A New Testament text applicable to family worship is Eph. 6:3, which commands fathers to bring up their children in the discipline and instruction of Christ. Whitney contended that family worship is one of the most consistent and measurable ways fathers can fulfill this God-given duty. However, if the father is not present, the mother has the responsibility to teach her children the truths of Scripture, he said.
Family worship is also a measure of fitness for the pulpit. In 1 Tim. 3:4-5, Paul makes a man’s faithfulness in teaching his family one of the qualifications for the position of elder or pastor, Whitney said.
“If you can’t manage worship in your own household, how can you manage worship in the church?” Whitney said. “If you can’t lead family worship how can you lead church worship? It’s a part of that concept of managing the household as the proof that one is able to manage the household of God.”
While Scripture strongly infers family worship, Whitney said that, above all, God deserves to be worshiped daily in our homes by our families.

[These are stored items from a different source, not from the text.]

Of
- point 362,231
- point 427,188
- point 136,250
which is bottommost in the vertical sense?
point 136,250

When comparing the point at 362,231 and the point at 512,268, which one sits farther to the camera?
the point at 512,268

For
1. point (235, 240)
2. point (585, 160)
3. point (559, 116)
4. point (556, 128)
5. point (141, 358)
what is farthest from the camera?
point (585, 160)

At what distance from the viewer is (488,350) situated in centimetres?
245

Family worship has been practiced by scores of great men in church history, Whitney said, citing illustrations from the early church fathers to examples from more recent centuries, such as the Puritans, Jonathan Edwards, and Charles Haddon Spurgeon, Whitney said. So important did Edwards view family worship that he said, “Every Christian family ought to be as it were a little church,” Whitney said.

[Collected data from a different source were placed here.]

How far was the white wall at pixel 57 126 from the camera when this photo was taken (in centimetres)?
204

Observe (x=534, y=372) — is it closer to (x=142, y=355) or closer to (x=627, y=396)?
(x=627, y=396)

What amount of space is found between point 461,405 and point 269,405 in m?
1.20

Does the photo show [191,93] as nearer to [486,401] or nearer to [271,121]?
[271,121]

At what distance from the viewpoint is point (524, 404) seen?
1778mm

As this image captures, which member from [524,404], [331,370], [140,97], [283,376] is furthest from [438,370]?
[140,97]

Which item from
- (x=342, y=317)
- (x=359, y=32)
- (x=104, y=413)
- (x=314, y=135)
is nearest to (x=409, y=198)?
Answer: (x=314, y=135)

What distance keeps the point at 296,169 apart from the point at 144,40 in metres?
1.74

Whitney outlined three primary parts that compose family worship:
(1) Bible reading. The younger the children, the more Christians may want to stick to narrative passages or shorter sections. The daily, systematic reading of Scripture is the backbone of family worship, he said.
(2) Prayer. By praying aloud, the father teaches his family how to pray. Whitney recommended praying through a passage of Scripture, such as taking the words of a Psalm and adapting them to your own life situation.
(3) Singing. The Christian man should get a hymnal for each family member and sing a different song each night. Some families sing one hymn for an entire week to teach their children the great hymns of the faith, he said.
Additional options include teaching children biblical truths through the use of catechisms and Scripture memory, he said. Catechisms are instruments used to teach biblical doctrine in question and answer format. Baptists have written and used catechisms to teach their children throughout their history, Whitney pointed out. Other useful tools for family worship are Christian books such as Pilgrim’s Progress or a biography, Whitney said.
Family worship should take place at the same time every day—perhaps in the morning or evening at the dinner table or just before bedtime—while every member of the family is gathered together. It should also be brief so it will not become an exercise in tedium for young children, he said.
“Parents should teach their children the things of God at every opportunity,” he said. “We should do so with our children both collectively and individually, but the best time to do this on a consistent basis with all the children would be in a time of family worship.”
While the regular attendance of corporate worship is essential for every Christian, children will not likely know God in a deep and meaningful way unless they are intentionally taught in the home, Whitney said.
“Fathers, you have the responsibility to bring your children under the discipline and instruction of the Lord,” Whitney said. “Although part of that would be bringing them under the preaching of the Gospel in the church and into the congregational praises of God with the body together in the local church…[it] does not mean you hand them off to anyone else as the primary discipliner and teacher in the things of the Lord.
“Without some regularity and structure and intention, it doesn’t happen as much as we think. You don’t bring the children up in the discipline and instruction of the Lord incidentally and occasionally. It has to be done purposefully or it is done much less than we assume.”